Congratulations on the publication of An Abundance of Katherines (Dutton, 2006). What was your initial inspiration for writing this book?
I think my initial inspiration is always that I think up characters I’d like to write about, and I started with two characters: a washed-up child prodigy and his charmingly apathetic best friend. The book spiralled from there.
What was the timeline from spark to publication, and what were the major events along the way?
I happen to know the precise day I thought up those characters, because it was the same day this girl broke up with me. I’d have to look it up to be sure, but I think it was April 24, 2003. So it took about three and a half years from spark to publication.
I started writing it in earnest in the spring of 2004, and then completed an initial draft (my first drafts never bear much of a resemblance to my finished books) right around the time “Alaska” came out in March, 2005.
The next year was spent revising the manuscript over and over again with Julie. She was pretty heroic about editing “Katherines.” For instance, she literally was editing it while she was in labor with her first child. I mean, she called me from the hospital and was like, “Hey, I want you to think more deeply about Hollis’ relationship with Lindsey.”
What were the challenges (literary, research, psychological, logistical) in bringing it to life?
Well, I don’t know anything about what it’s like to be a child prodigy, since I wasn’t all that smart and wasn’t a very good student, either. So I did have to read a lot of books about child prodigies.
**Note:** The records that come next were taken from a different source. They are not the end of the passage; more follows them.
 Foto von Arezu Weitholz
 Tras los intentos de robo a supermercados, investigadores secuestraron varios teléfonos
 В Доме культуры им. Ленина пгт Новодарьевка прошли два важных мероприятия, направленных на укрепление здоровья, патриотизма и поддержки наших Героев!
Also, there is some math in the book (note: you don’t have to like math to like “Katherines”), and I am really bad at math, so that was tremendously difficult. Also, Colin speaks 11 languages, and I speak one, so that was time-consuming.
The biggest challenge is that “Katherines” is very different from my first novel–it’s a much more comic novel, and it has less of a built-in structure, and it is third-person instead of first-person. I wanted to do something radically different, partly because I want to have a long career and don’t want to repeat myself, and partly because I wanted to push myself a little.
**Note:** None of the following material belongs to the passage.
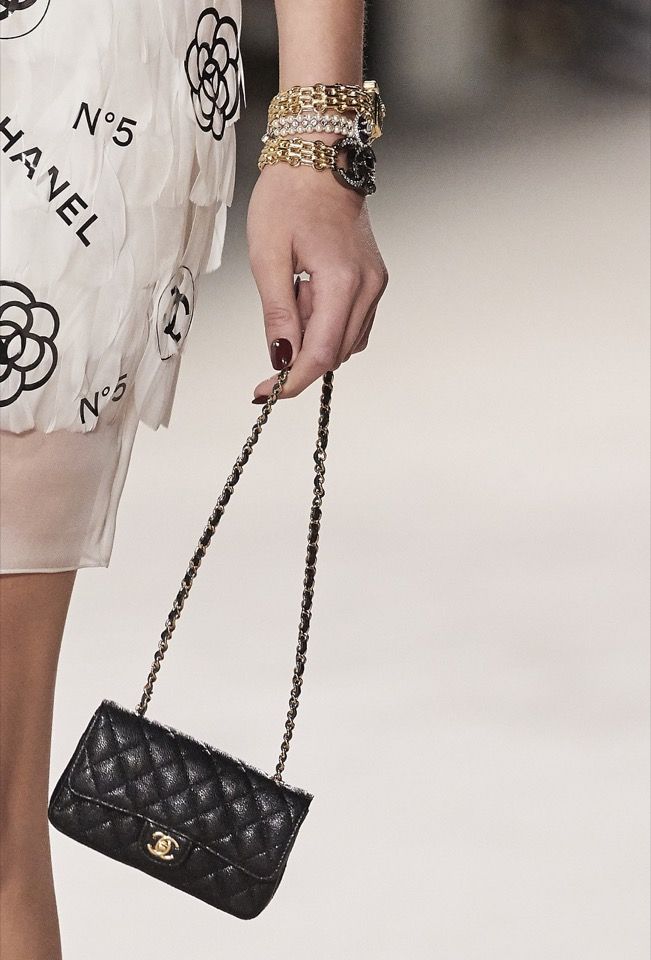 Chanel ɫClassic Flap ϵִۃr(ji)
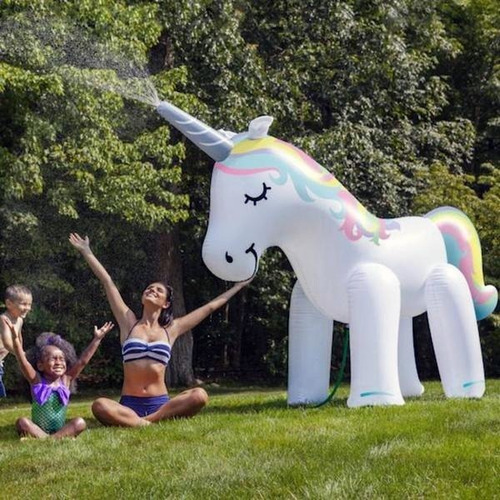 Imagen 3 de 3 de Unicronio Gigante Inflable Con Aspersor De Agua En El Cuerno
Other than your own, what would you say are the three must-read YA novels of the year and why?
It’s tough to choose just three, but okay! First, The Book Thief by Markus Zusak (Knopf, 2006). In my opinion, it’s the most ambitious novel for teenagers published in the last decade. It’s important for writers because it has the potential to change what it means to publish for teenagers. But it’s also just a wonderful book by an immensely talented writer who clealy gave this book everything he had.
Second, Fly on the Wall by E. Lockhart (Delacorte, 2006)(excerpt)(author interview). It’s a fun reworking of Kafka‘s The Metamorphosis, and it also upends a lot of the ways we think about teens and gender. I really loved this book.
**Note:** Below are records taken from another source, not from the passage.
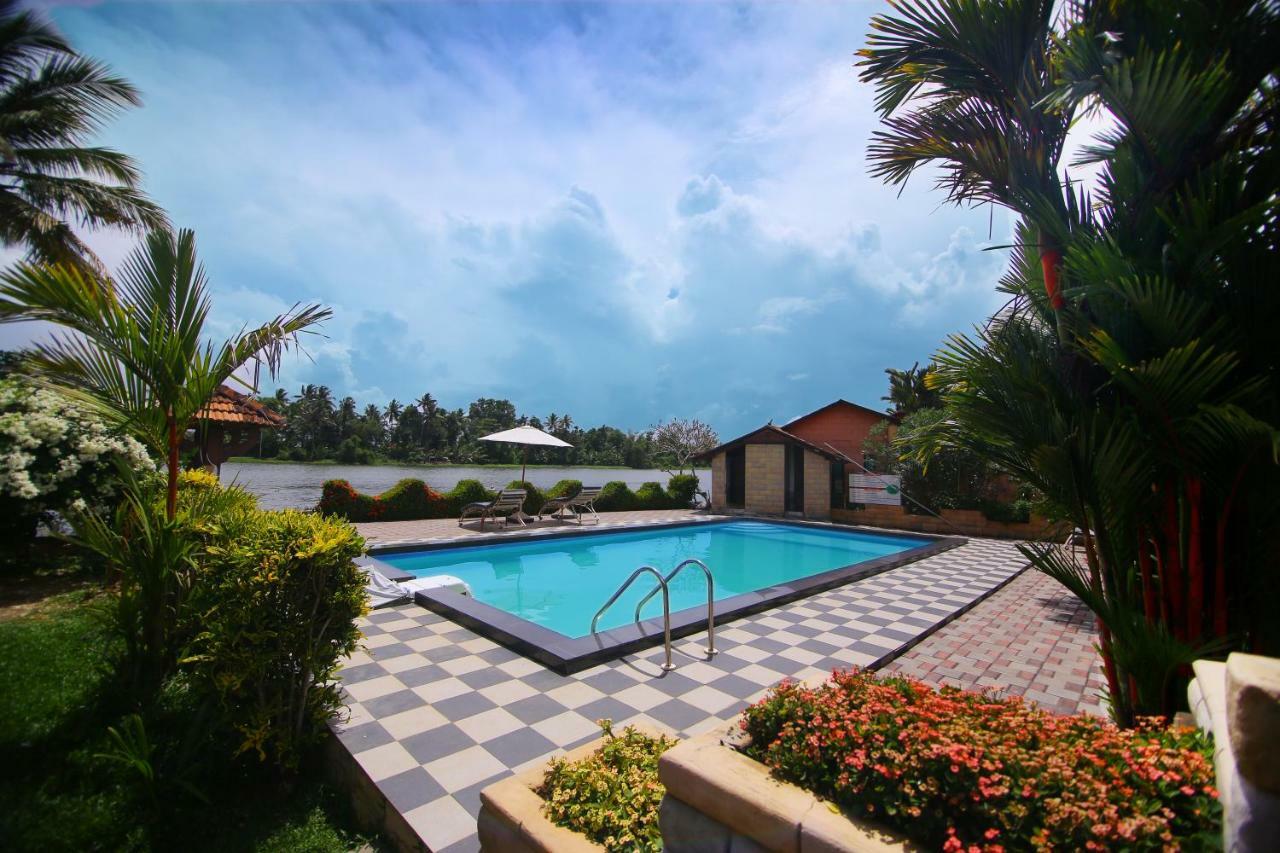 Green Palace Ayurveda Resort, Alleppey Alappuzha Exterior foto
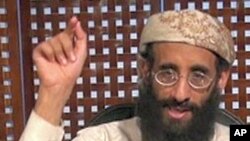 ນັກບວດ Anwar al Awlaki ຜູ້ນໍາກຸ່ມ al-Qaida ຄົນຫລ້າສຸດທີ່ຖຶກສັງຫານໃນການໂຈມຕີ ໂດຍຍົນໂດຣນ ຂອງສະຫະລັດ ໃນເຢເມັນ. (file photo)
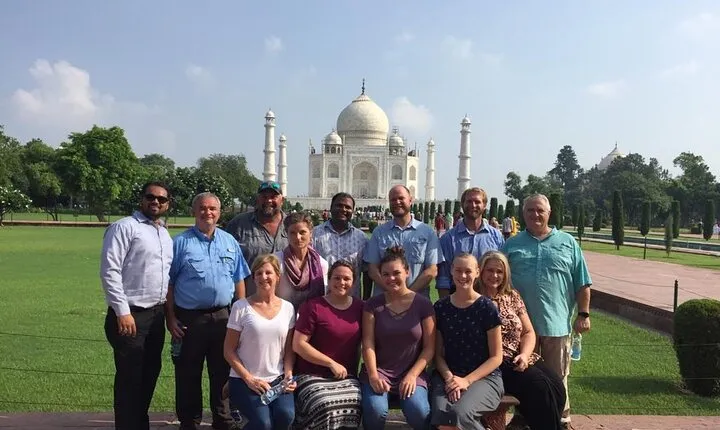 Agra Overnight Tour With 5 Star Hotel - All Inclusive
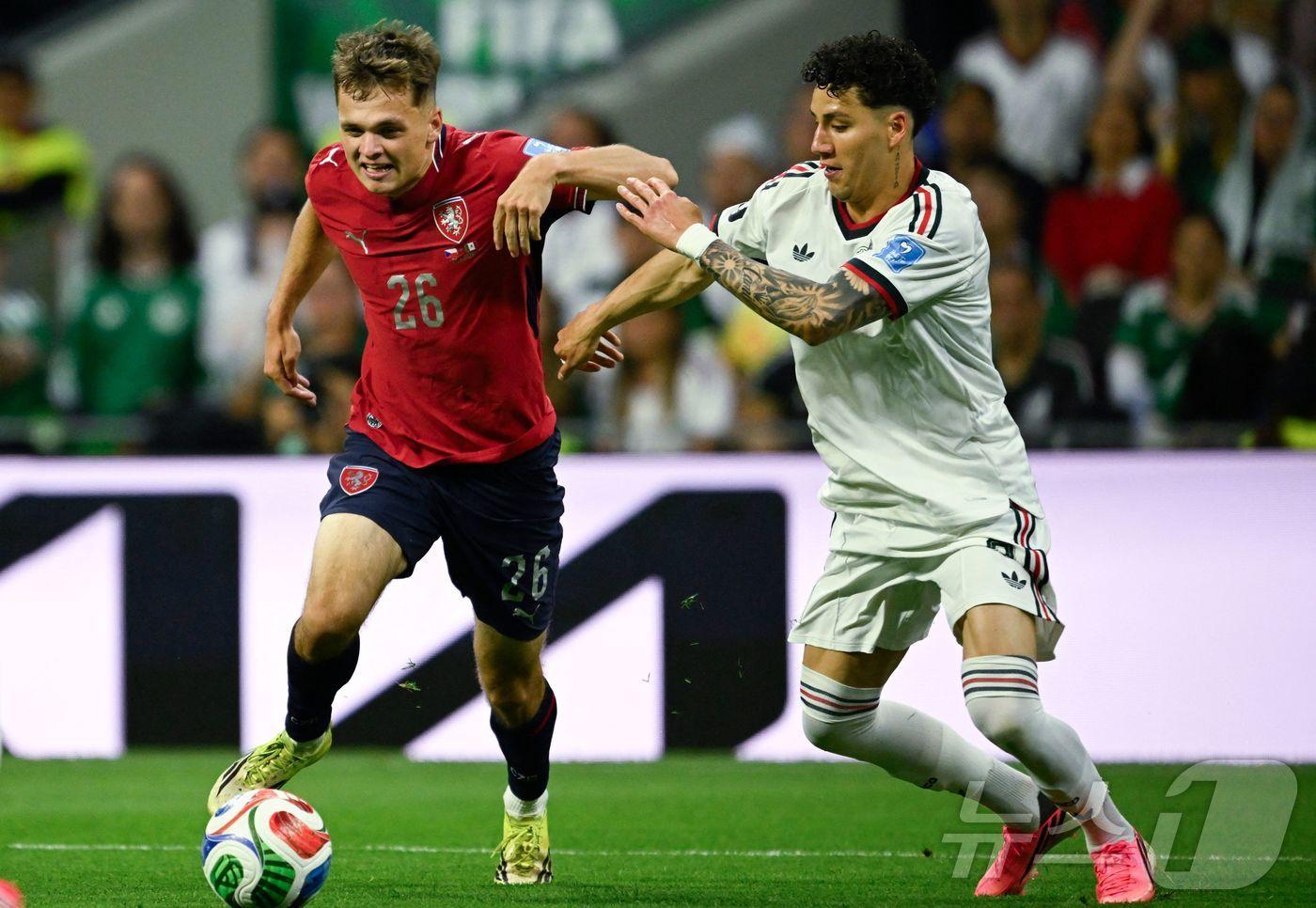 본문 이미지 - 체코(유니폼 상의 빨간색)는 25일(한국시간) 열린 2026 FIFA 북중미 월드컵 A조 조별리그 3차전에서 멕시코와 0-0으로 맞선 채 전반전을 마쳤다. ⓒ AFP=뉴스1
What advice do you have for beginning YA novelists?
I think the best advice I ever received was to trust that when people give you constructive criticism, they are usually right. I think the hardest part of writing is learning how to revise and revise effectively. And in a publishing climate where books are often edited very lightly, it falls to authors to do a lot of revision themselves. So it’s very important to listen closely to what people think isn’t working.
Also, I would say read a lot. Reading is the only apprenticeship writers have.
What can your fans look forward to next?
I’m writing a book now. I always sound like an idiot when I talk about what I’m currently writing, though. Whenever people asked me about “Alaska,” I would say, “Um, it’s a book about a boy. And a girl. At a boarding school.” So I guess this new book is about a boy. And a girl. At a public school. I know! It sounds so good! You can’t wait to read it! (I swear I’ll try to make it good.)
Looking for Alaska will be available in paperback from Puffin in December 2006.